[ACTION ITEM]: Return all lines from the listing below in which "Owners" appears.

[RAW DATA]:
┄┄┄┄┄┄┄┄┄┄┄┄┄┄┄┄┄┄┄┄

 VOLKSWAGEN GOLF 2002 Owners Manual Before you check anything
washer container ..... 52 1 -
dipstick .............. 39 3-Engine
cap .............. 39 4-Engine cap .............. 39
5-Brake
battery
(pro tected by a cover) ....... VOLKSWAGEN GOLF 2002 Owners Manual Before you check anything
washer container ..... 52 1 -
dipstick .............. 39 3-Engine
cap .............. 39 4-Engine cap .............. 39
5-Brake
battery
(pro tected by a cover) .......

┄┄┄┄┄┄┄┄┄┄┄┄┄┄┄┄┄┄┄┄

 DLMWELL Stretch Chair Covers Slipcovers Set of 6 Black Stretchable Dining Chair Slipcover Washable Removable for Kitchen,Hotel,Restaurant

┄┄┄┄┄┄┄┄┄┄┄┄┄┄┄┄┄┄┄┄

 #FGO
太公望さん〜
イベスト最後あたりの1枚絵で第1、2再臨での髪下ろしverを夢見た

┄┄┄┄┄┄┄┄┄┄┄┄┄┄┄┄┄┄┄┄

[SOLUTION]:
 VOLKSWAGEN GOLF 2002 Owners Manual Before you check anything
(pro tected by a cover) ....... VOLKSWAGEN GOLF 2002 Owners Manual Before you check anything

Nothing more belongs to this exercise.